GIVEN INFORMATION:
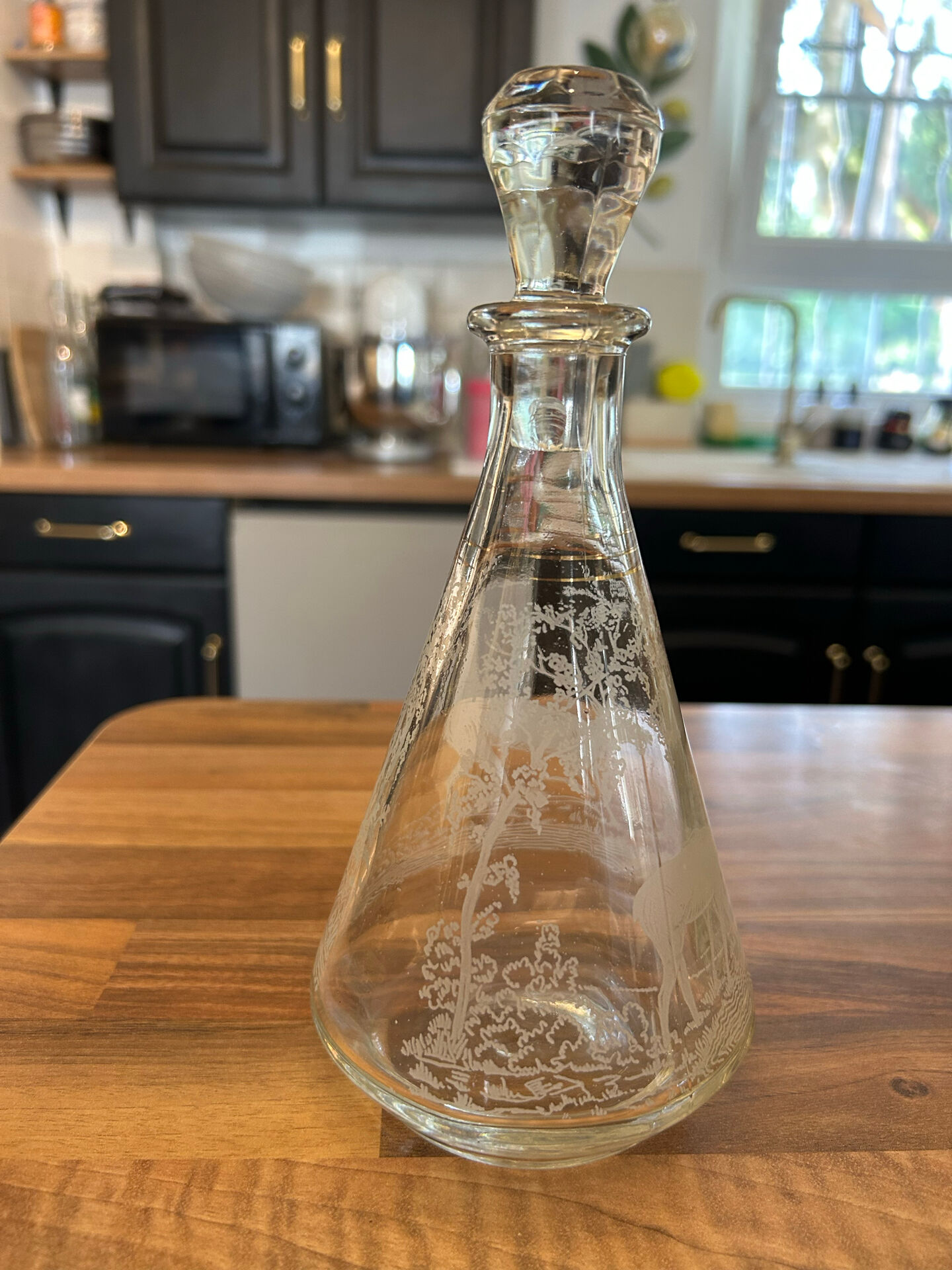 Petite carafe vintage en verre gravé – décor cerf et forêt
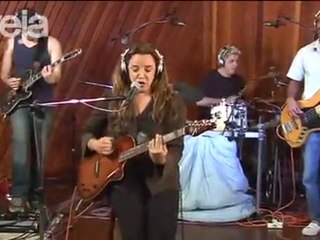 Ana Carolina canta 'Odeio', de Caetano Veloso
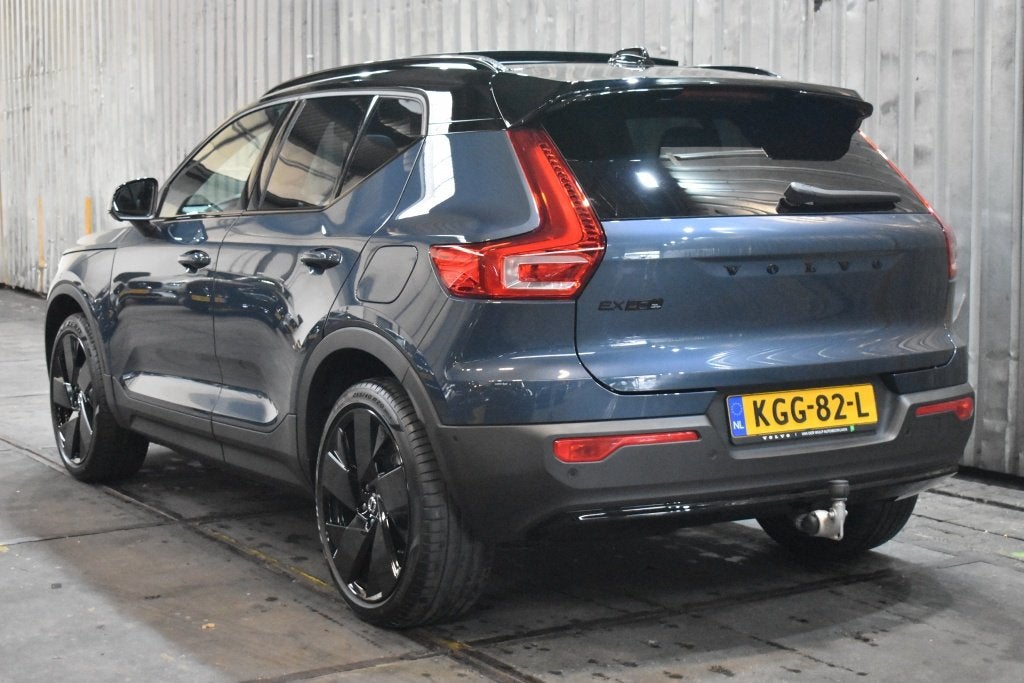 Volvo EX40 Twin 408pk/82kWh Black Edition Ultra Europa | Tre, Auto's, Automaat, 0 cilinders, Volvo Selected Used Cars, 82 kWh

INSTRUCTIONS FOR THE TASK: Repeat the listing verbatim without its pictures.

RESPONSE FOR THIS EXERCISE:
 Petite carafe vintage en verre gravé – décor cerf et forêt
 Ana Carolina canta 'Odeio', de Caetano Veloso
 Volvo EX40 Twin 408pk/82kWh Black Edition Ultra Europa | Tre, Auto's, Automaat, 0 cilinders, Volvo Selected Used Cars, 82 kWh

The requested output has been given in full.